2024.4.21みことばの光


  先日、信仰者は神に向かって考える、ということに気づかされました。信仰のない人も、物事を思い巡らしますが、それを神に祈ることはありません。信仰者は、あらゆる思い、煩い、考え事、計画を、神にお話しし、神の助言と実際の助けを求めます。考えることと祈ることは似ているのですが、結果は大いに違ってくるのです。
 詩篇には信仰の詩人の考えが述べられていますが、ただの考えに終わっていないのです。その考えを神の前に持っていく。これが祈りで、祈りは神の取り扱いを受けるのです。ですから何かあったら祈るではなく、日常的に、朝夕に、祈りの時間を持つことは有益なのです。過ぎた一日に、感謝すべきことはあったではないですか。また始まる一日に、神の助けがあれば、自分でうまくやる以上の祝福が、必ず与えられるのです。

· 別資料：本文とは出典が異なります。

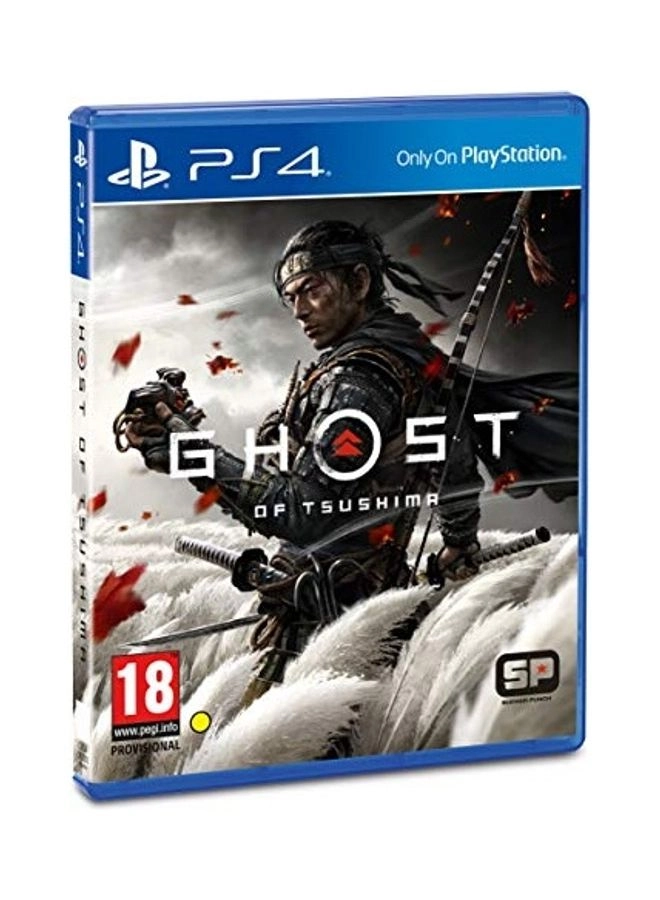 Ghost of Tsushima (Intl Version) &#8211; PS4/PS5 (B085LZSG6F) Review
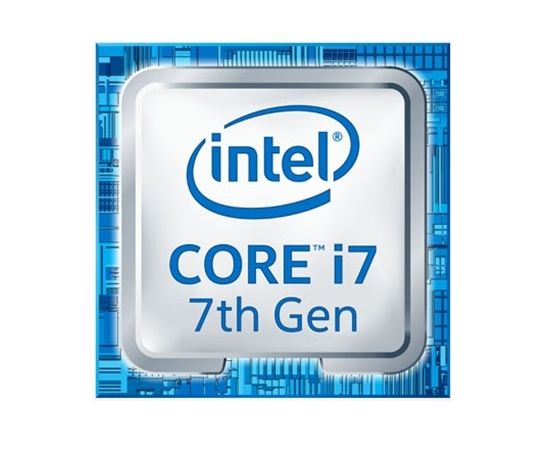 Intel Core i7-7700K, 4.2 GHz, Socket H4 (LGA 1151), Processor threads 8, Box, PC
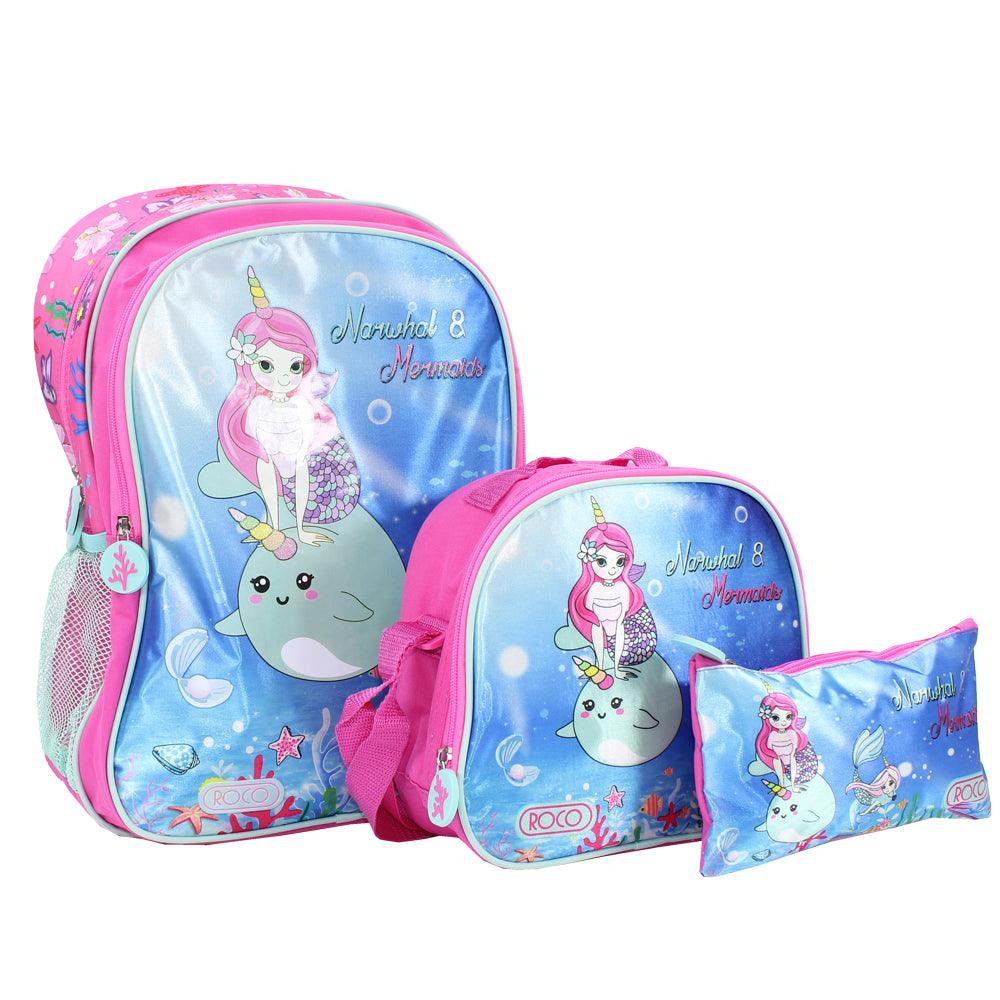 School Set 16-Inch (Mermaid) - Ourkids - Roco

 詩篇77篇の1節「私は神に声をあげて叫ぶ。私が神に声をあげると神は聞いてくださる。」信仰者にとって当たり前のこと。自分の考えを、神の前で思い巡らす、すると、物事は変わってくる、という祈りに対する基本的な確信です。(ただしここでは静かな瞑想ではなく、叫びでした。)そのように、古代イスラエルの人々にとって、神に祈らずに生活するということはありえないことでした。(祈らないイスラエル人はイスラエル人ではありません。そして祈らなくなると、人は信仰が何であったか、わからなくなってしまうのです。祈りの中で神と語らうと、信仰には実体があることが明らかになります。)ただし、祈りが喜ばしい時であるか、そうでないか、それは色々です。77篇の前半は、祈りながらも重苦しい状況を脱することができない詩人の姿です。2節「慰めを拒んだ。」詩人自身が自分の状況にふさわしくない慰めを拒否していました。聖書の中にも愛する息子を失ったヤコブが、数日ヨセフの失われたことを悲しんで「慰めを拒んだ」と記されています。「神様、なぜ私の愛するあの人を、私から奪ったのですか。」誰かを大切に思うからこそ、愛ゆえに、私たちは慰めを拒むことがあります。5節の遠い昔の年月とは、生活守られて、神様の祝福だけに取り囲まれていた時代の記憶です。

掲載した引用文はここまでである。